From 757f42e7dea94f8b79b3d55074dedeafd853ddc5 Mon Sep 17 00:00:00 2001
From: Boris Kolpackov <boris@codesynthesis.com>
Date: Fri, 25 Nov 2016 15:17:01 +0200
Subject: Implement literal here-document support

---
 build2/lexer                  | 10 +++---
 build2/lexer.cxx              | 10 +++---
 build2/test/script/lexer      | 10 ++++--
 build2/test/script/lexer.cxx  | 34 +++++++++++++++---
 build2/test/script/parser     |  6 ++--
 build2/test/script/parser.cxx | 81 ++++++++++++++++++++++++++++---------------
 6 files changed, 105 insertions(+), 46 deletions(-)

(limited to 'build2')
diff --git a/build2/lexer b/build2/lexer
index 59150a9..e2cf07c 100644
--- a/build2/lexer
+++ b/build2/lexer
@@ -85,7 +85,9 @@ namespace build2
     // specifythe pair separator character (if the mode supports pairs).
     //
     virtual void
-    mode (lexer_mode, char pair_separator = '\0');
+    mode (lexer_mode,
+          char pair_separator = '\0',
+          const char* escapes = nullptr);
 
     // Expire the current mode early.
     //
@@ -119,6 +121,8 @@ namespace build2
       bool sep_space; // Are whitespaces separators (see skip_spaces())?
       bool quotes;    // Recognize quoted fragments.
 
+      const char* escapes; // Effective escape sequences to recognize.
+
       // Word separator characters. For two-character sequence put the first
       // one in sep_first and the second one in the corresponding position of
       // sep_second. If it's a single-character sequence, then put space in
@@ -170,16 +174,14 @@ namespace build2
         : char_scanner (is),
           fail ("error", &name_),
           name_ (n),
-          escapes_ (e),
           processor_ (p),
           sep_ (false)
     {
       if (sm)
-        mode (lexer_mode::normal, '@');
+        mode (lexer_mode::normal, '@', e);
     }
 
     const path name_;
-    const char* escapes_;
     void (*processor_) (token&, const lexer&);
 
     std::stack<state> state_;
diff --git a/build2/lexer.cxx b/build2/lexer.cxx
index b73c291..3c8eb5a 100644
--- a/build2/lexer.cxx
+++ b/build2/lexer.cxx
@@ -30,7 +30,7 @@ namespace build2
   }
 
   void lexer::
-  mode (lexer_mode m, char ps)
+  mode (lexer_mode m, char ps, const char* esc)
   {
     const char* s1 (nullptr);
     const char* s2 (nullptr);
@@ -76,7 +76,7 @@ namespace build2
     default: assert (false); // Unhandled custom mode.
     }
 
-    state_.push (state {m, ps, s, q, s1, s2});
+    state_.push (state {m, ps, s, q, esc, s1, s2});
   }
 
   token lexer::
@@ -329,8 +329,10 @@ namespace build2
         get ();
         xchar p (peek ());
 
-        if (escapes_ == nullptr ||
-            (!eos (p) && strchr (escapes_, p) != nullptr))
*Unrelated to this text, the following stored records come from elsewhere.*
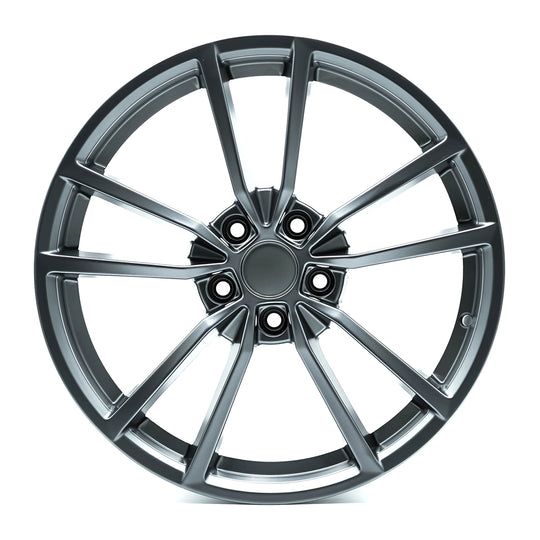 VW02 18080455112GM - OE+ VW02 18X8 5X112 45mm Matte Gunmetal - OE+ Wheels Canada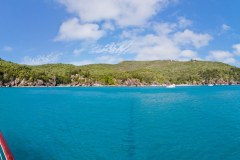 Panoramique de Hook Island depuis le bateau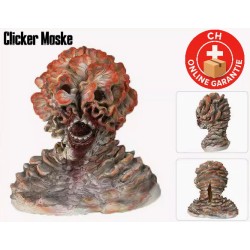 Clicker Maske aus The Last of Us als Horror Kostüm für Halloween und Cosplay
+        const char* esc (st.escapes);
+
+        if (esc == nullptr ||
+            (*esc != '\0' && !eos (p) && strchr (esc, p) != nullptr))
         {
           get ();
 
diff --git a/build2/test/script/lexer b/build2/test/script/lexer
index 5597e9a..b812f84 100644
--- a/build2/test/script/lexer
+++ b/build2/test/script/lexer
@@ -29,7 +29,8 @@ namespace build2
           second_token,    // Expires at the end of the token.
           variable_line,   // Expires at the end of the line.
           command_line,
-          here_line,
+          here_line_single,
+          here_line_double,
           description_line // Expires at the end of the line.
         };
 
@@ -48,10 +49,13 @@ namespace build2
                const path& name,
                lexer_mode m,
                const char* escapes = nullptr)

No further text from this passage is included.